White transfers after one season on the Bluff

Claire Murray | Asst. Photo Editor Junior guard Tra’Vaughn White announced his transfer last week. He started eight games as a shooting guard alongside sophomore point guard Derrick Colter.

Claire Murray | Asst. Photo Editor
Junior guard Tra’Vaughn White announced his transfer last week. He started eight games as a shooting guard alongside sophomore point guard Derrick Colter.

Joey Sykes | The Duquesne Duke

It was announced last Thursday via a press release that junior guard Tra’Vaughn White of the Duquesne men’s basketball team will transfer.

Due to strict transfer regulations, players and coaches are not expected to give out much information. White, who was a transfer student last year from Independence Community College in Kansas City, Kan., tweeted “No choice but to make the best decision for me and my family… Appreciate all the support from the DU coaching staff.”

White played in all 30 games for the Dukes and started in eight. He logged 498 minutes and scored 221 points in his only season with Duquesne.

Head coach Jim Ferry stated that he enjoyed having White on his team and hopes he will succeed in the future wherever he ends up.

“Tra’Vaughn is a great kid and a great teammate who will always be part of our Duquesne family,” Ferry said in the press release. “He made the decision to pursue other opportunities and we, as a staff, are committed to supporting him in his transition. We wish him nothing but the best.”

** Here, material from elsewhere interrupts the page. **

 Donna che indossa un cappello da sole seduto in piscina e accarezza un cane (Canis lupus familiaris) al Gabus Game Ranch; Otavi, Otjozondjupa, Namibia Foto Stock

With White transferring, junior forward Dominique McKoy will be the only senior on the Red & Blue’s roster for the 2014-15 season.

According to the NCAA, the rate of transfers among basketball players is relatively high compared to other sports. Around 40 percent of men’s basketball players who play Division I basketball out of high school end up transferring by the end of their sophomore year.

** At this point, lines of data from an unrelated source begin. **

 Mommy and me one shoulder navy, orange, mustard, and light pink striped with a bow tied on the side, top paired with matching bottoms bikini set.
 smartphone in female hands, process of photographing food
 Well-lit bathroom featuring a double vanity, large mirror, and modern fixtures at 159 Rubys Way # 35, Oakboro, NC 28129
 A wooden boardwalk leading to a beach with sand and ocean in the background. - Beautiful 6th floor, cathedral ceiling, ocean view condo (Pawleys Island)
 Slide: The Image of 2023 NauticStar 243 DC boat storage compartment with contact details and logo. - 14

Ten basketball players – Mike Talley, Danny Herrera, T.J. McConnell, P.J Torres, Martins Abele, Marvin Binney, Mamadou Dott, Derrick Martin, Quevyn Winters and now Tra’Vaughn White leave since 2012.

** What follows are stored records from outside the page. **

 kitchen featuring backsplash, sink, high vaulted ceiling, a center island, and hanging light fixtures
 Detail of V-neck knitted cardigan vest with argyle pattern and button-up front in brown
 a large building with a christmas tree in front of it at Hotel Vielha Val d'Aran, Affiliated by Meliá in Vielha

According to the NCAA, around 90 percent of men’s basketball players who transferred did so because they left for athletic reasons. It is still unknown what the reasons were for White making the decision to leave.

Vice president of the Red & Blue Crew and sophomore business major Matt Geyer wishes he could have seen more of White but is pretty confident the team is still on the right track.

“I really would have liked to see how Tra’Vaughn would have played alongside [Colter] and I think there might be a lot more pressure on McKoy now since he is the last senior left on the roster,” Geyer said. “Sure this team is still in a rebuilding phase, but this shouldn’t be a problem for that process. Saying that, I still hope Tra’Vaughn does well wherever he ends up.”

Of the 455 basketball players to transfer within Division I last season, only 44 percent left to play for another Division I school. Most of them head to less competitive schools.

Sophomore psychology major, Eric Blau, doesn’t blame student athletes for wanting to get more playing time.

“I am not surprised at all and I don’t think anyone should be,” Blau said. “These guys like playing basketball and if they’re not playing enough at their first school, then they shouldn’t be judged for wanting to go somewhere else. They love the game.”

With White’s transfer, the Dukes roster for next year drops to 12 players. Seniors Ovie Soko and Jerry Jones graduate in a few weeks. It is now up to Ferry to find White’s replacement.